We begin with Diana at a point of crisis. She remembers, thanks I guess to Convergence, all of her origins as co-existing at once. But how can that even be possible? And more importantly, if she doesn’t remember anything about who she was reliably, how can she even be sure of who she is in the present? Wonder Woman has a moniker attached to her of being the Spirit of Truth, but that implies a level of self-awareness the character simply can’t have because of how dicked around she’s been by her various writers. It’s at the point that she questions existentially how she can exist at all. To quote from the issue:
Wonder. Woman. I remember believing that “Wonder” meant “Awe.” That the name they game me spoke of admiration. Perhaps it did, once. But the story keeps changing. That’s not what they mean when they call me “Wonder.” Not anymore. Perhaps not ever. That’s their word, not mine. They wonder. What is that? How can such a woman exist? Who is she?
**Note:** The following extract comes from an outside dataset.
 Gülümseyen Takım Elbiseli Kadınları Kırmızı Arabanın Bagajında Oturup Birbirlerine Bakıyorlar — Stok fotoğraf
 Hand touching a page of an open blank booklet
Diana seems most appalled at realizing that she’s supposed to be the God of War, but also suddenly remembering that for a large part of her history she stood diametrically opposed to many of the stated goals of Ares, the God of War she knew for most of her life as a fictional character. How can those two things reconcile? And if they can’t, then what happened to cause this? Struggling with this impossibly split identity, Diana wraps her own arm in her lasso and interrogates herself, hoping that the answer can arise from her unconscious self, compelled by her own powers.
With the knowledge that someone has deliberately fucked with her sense of self, Diana crushes the helmet of Ares and rejects her New 52 costume for her modern one that hews closer to her original outfit designs. Silver is out, gold is in. She has a battle skirt, and often is styled with a sword and cape like her current film incarnation. I’m adverse to Jim Lee costume designs as a matter of course, but I think this is a fine design, much easier to make look good than her New 52 outfit (which Cliff Chiang and only Cliff Chiang managed to make look great).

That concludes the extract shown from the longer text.